Pero muy de mañana unas mujeres fueron al sepulcro donde habían enterrado a Jesús y vieron quitada la losa del sepulcro. Fueron corriendo a avisar a los apóstoles. Pedro llegó y vio que Jesús no estaba allí. Y lo que es más importante: vieron y creyeron. La fe les hizo ver más de lo que veían sus ojos. Donde otros no verían más que un sepulcro vacío, ellos descubrieron otra realidad mucho más profunda: Jesús había resucitado, el Padre le había devuelto a la vida. La promesa de la resurrección se hacía en Jesús realidad y esperanza para toda la humanidad.

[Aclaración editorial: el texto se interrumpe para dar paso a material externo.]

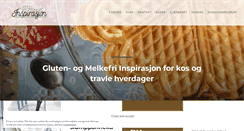 Desktop Screenshot of glutenogmelkefri.com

Con ese último acto de su historia, todo lo que habían vivido y aprendido con Jesús cobraba un significado nuevo. Ahora la liberación esperada era mucho más profunda que la simple liberación política del dominio de los romanos o la llegada de un reino judío que igualase o superase al de Salomón. Si Jesús ha resucitado, entonces es que Dios nos ha liberado de la esclavitud más profunda: la esclavitud de la muerte.
En Pascua y ante el sepulcro vacío, los que creemos en Jesús comprendemos que no cabe en nuestras vidas lugar para la desesperación. Somos en adelante hombres y mujeres de esperanza. Sabemos, desde la fe, que para Dios no hay ningún caso desesperado. Por más difíciles, por más irresolubles, por más amenazadores, que sean nuestros problemas, mantenemos firme la esperanza. Y aunque nos llegue la muerte, sabemos que ni siquiera ésta es definitiva. Porque Jesús ha resucitado.
La resurrección de Jesús nos compromete con la esperanza. Nos llama a trabajar para crear esperanza a nuestro alrededor. Para regalarla a los demás como se nos regala la luz del cirio pascual que iluminará nuestra celebración durante toda la Pascua. Defendemos la vida para todos porque el Dios de Jesús es Dios de Vida para todos. Y con nuestra forma de comportarnos día a día vamos regalando vida y esperanza. Para que nadie, nunca, se sienta desesperado.
La fiesta de la Resurrección, pues, es la fiesta en la que celebramos que con nosotros sigue Jesús. El que llamamos Cristo el Señor no fue un gran hombre cuya vida hemos de recordar e imitar, pero que pertenece a tiempos pasados, sino que está presente en nuestra existencia actual. Y está dándole sentido, razón de ser, y ofreciendo la promesa del triunfo definitivo más allá del dolor de nuestro peregrinar por el mundo y más allá incluso de la misma muerte: en Él hemos resucitado todos.
¿Me he sentido alguna vez desesperado ante los problemas que me cercaban? ¿Es la resurrección de Jesús fuente de esperanza en mi vida? ¿Cómo comunico esa esperanza de forma concreta a los demás?